To: Windflier
You are right, but I was really trying to point out about how earthquakes can affect one neighborhood, while not the other.
Sleeping in my car at Northridge I got caught up in the feel of the area, and was amazed when I drove out of it to buy some groceries, most of the city was unaffected and already forgetting what had happened among their neighbors.
“In the heart of the worst hit areas, you could spend a couple of days and feel that you were in a war zone, with exhaustion and trauma, and stress being the norm, but then you could drive a mile away to buy groceries or gas, and everything, and everybody was completely normal and routine.”
32 posted on
01/12/2014 3:18:03 PM PST by
ansel12
(Ben Bradlee, Wash Post-JFK told me that "he was all for people's solving their problems by abortion")
To: ansel12
You are right, but I was really trying to point out about how earthquakes can affect one neighborhood, while not the other. Yeah, I get that. I saw a lot of that after I came in April of that year. Now, it was four months after the big event, but I saw lots of Northridge locals going about their business as usual. In fact, most were.

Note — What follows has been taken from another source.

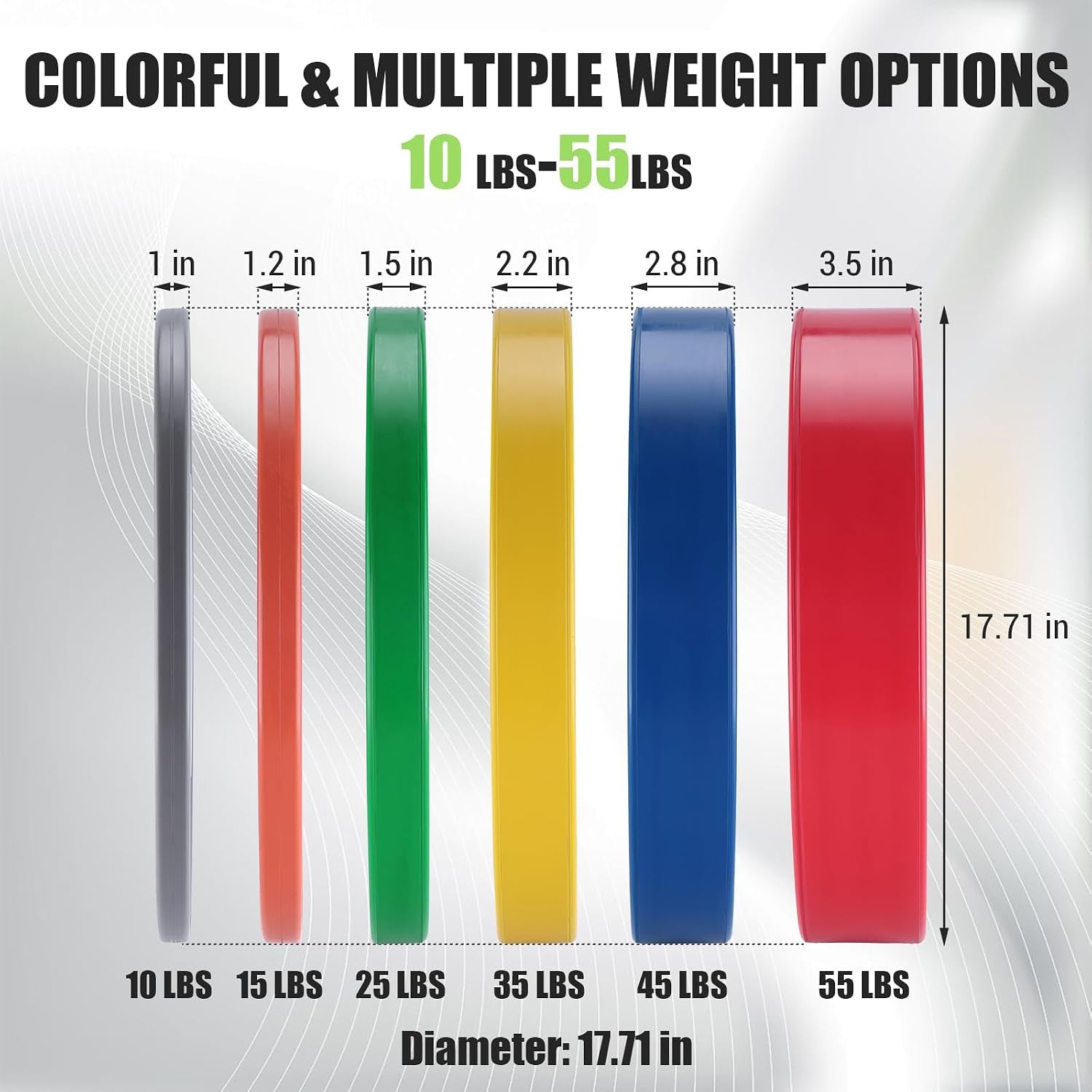 2" Rubber Bumper Weight Plates (Pairs/Single 1.25-55 Lbs) - Change Weight Plates Set 2 in Colored Fractional Weight Plates for Weightlifting,Home Gym Strength Training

At the same time, there were a few people I met who seemed to be genuinely traumatized by what they'd been through. Probably had a lot to do with each individual's experience. Some houses were almost a total loss, while their neighbors sustained little damage. Same with the people. Some were just damaged more than others.
33 posted on
01/12/2014 3:29:32 PM PST by
Windflier
(To anger a conservative, tell him a lie. To anger a liberal, tell him the truth.)
To: ansel12
I had a friend in Camarillo who said her coffee spilled a little out of the cup into the saucer. All I could say was ‘you and I did NOT have the same experience’. My son's grade school teacher lost her house, split down the middle. I never want to go through that experience again. And I am not a wimp. We were lucky we had bought earthquake insurance that, before Northridge, was about $400/year. When we left California a few years ago, our earthquake insurance was $1,300/year with a huge deductible, maybe $50,000-$100,000 (I just cannot remember).
34 posted on
01/12/2014 3:49:05 PM PST by
originalbuckeye
("A thing moderately good is not so good as it ought to be. Moderation in temper is always a virtue;)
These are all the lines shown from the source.